Caption-style text data:
* * * * *

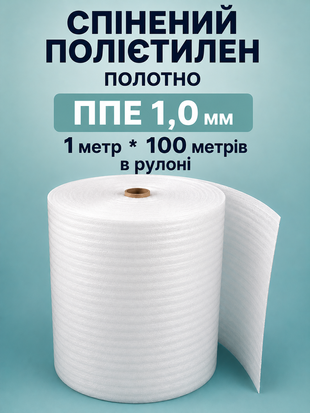 Спінений поліетилен 1мм - 1м*100м PPE 1-1-100 фото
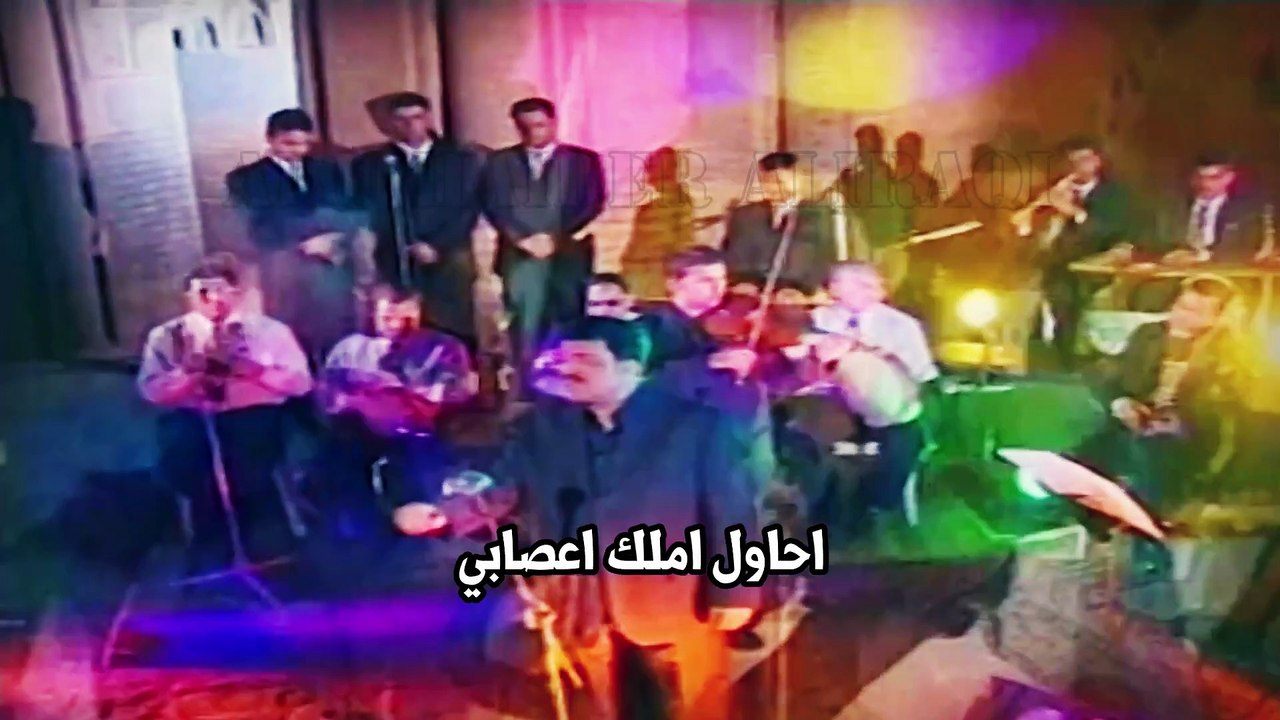 عبد فلك  -  انا بدونك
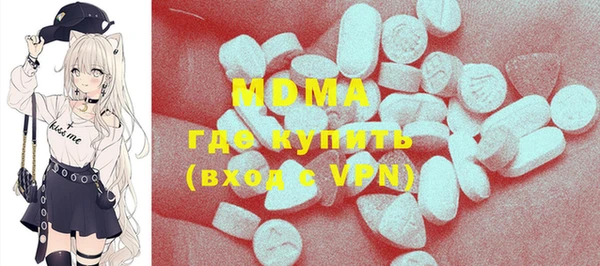 МДПВ Навашино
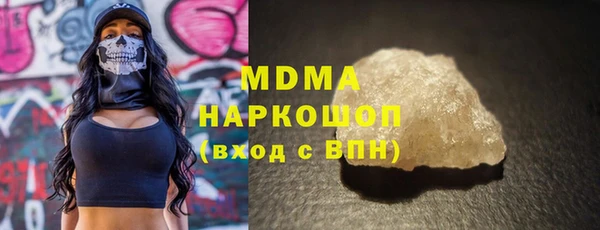 СК Ахтубинск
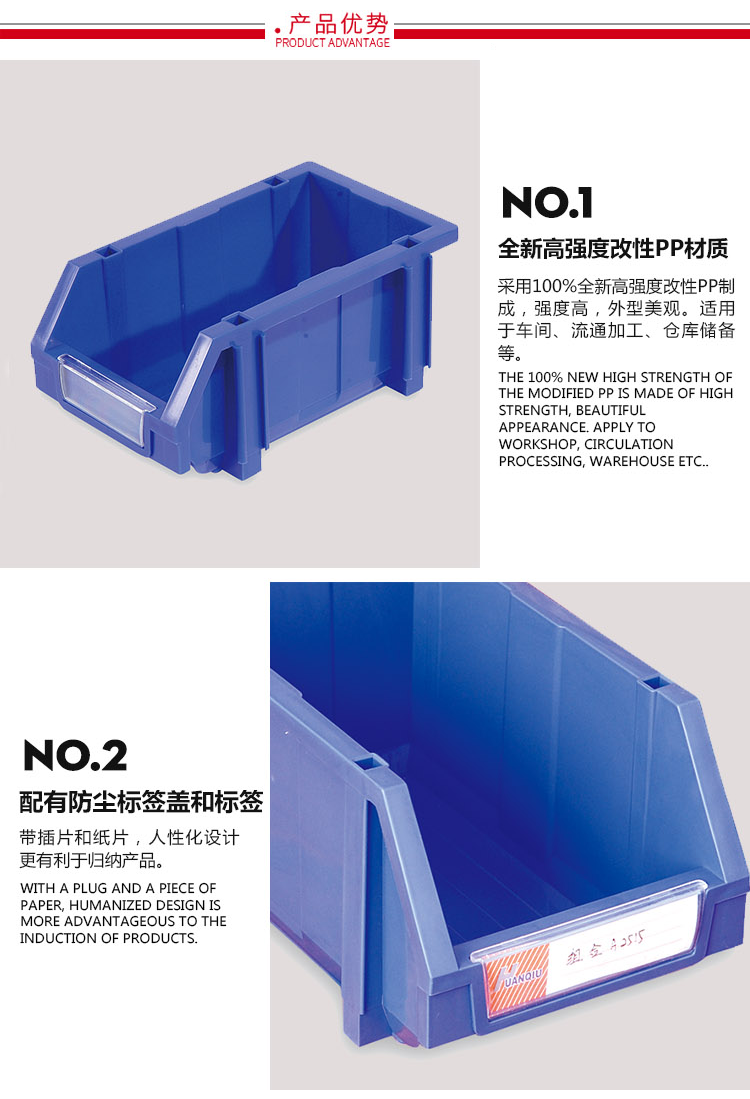 加強(qiáng)型組立式零件盒，環(huán)球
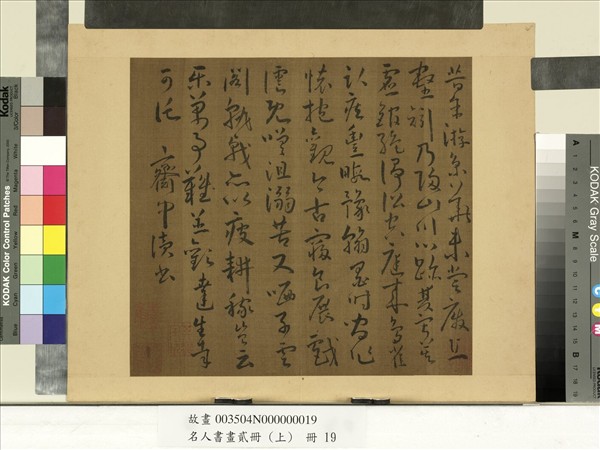 名人書畫貳冊（上）　冊　南朝宋謝靈運五言古詩（十）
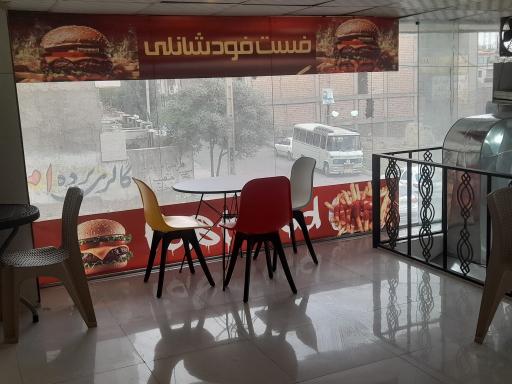 عکس فست فود شانلی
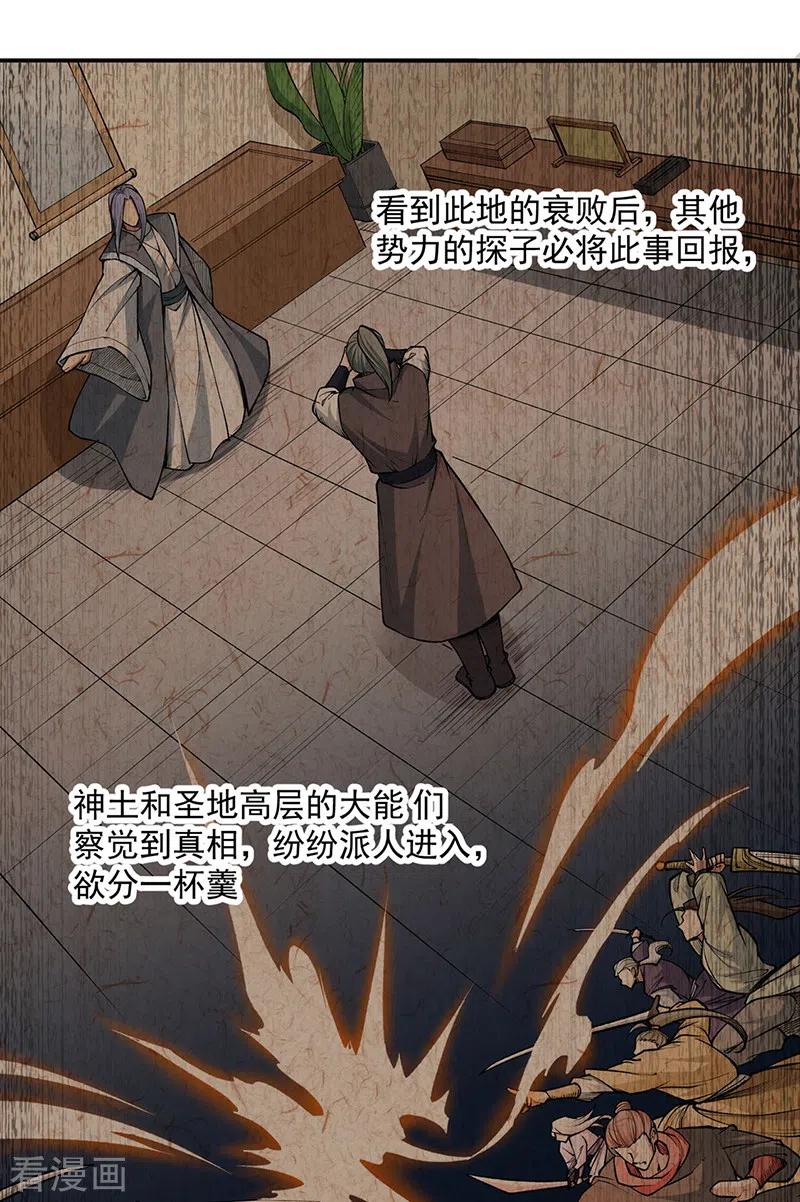 《武道独尊》第504话 明白一切 第36页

* * * * *

Repeat all of the entries word for word, but omit the pictures.

TASK RESPONSE:
 Спінений поліетилен 1мм - 1м*100м PPE 1-1-100 фото
 عبد فلك  -  انا بدونك
 МДПВ Навашино
 СК Ахтубинск
 加強(qiáng)型組立式零件盒，環(huán)球
 名人書畫貳冊（上）　冊　南朝宋謝靈運五言古詩（十）
 عکس فست فود شانلی
 《武道独尊》第504话 明白一切 第36页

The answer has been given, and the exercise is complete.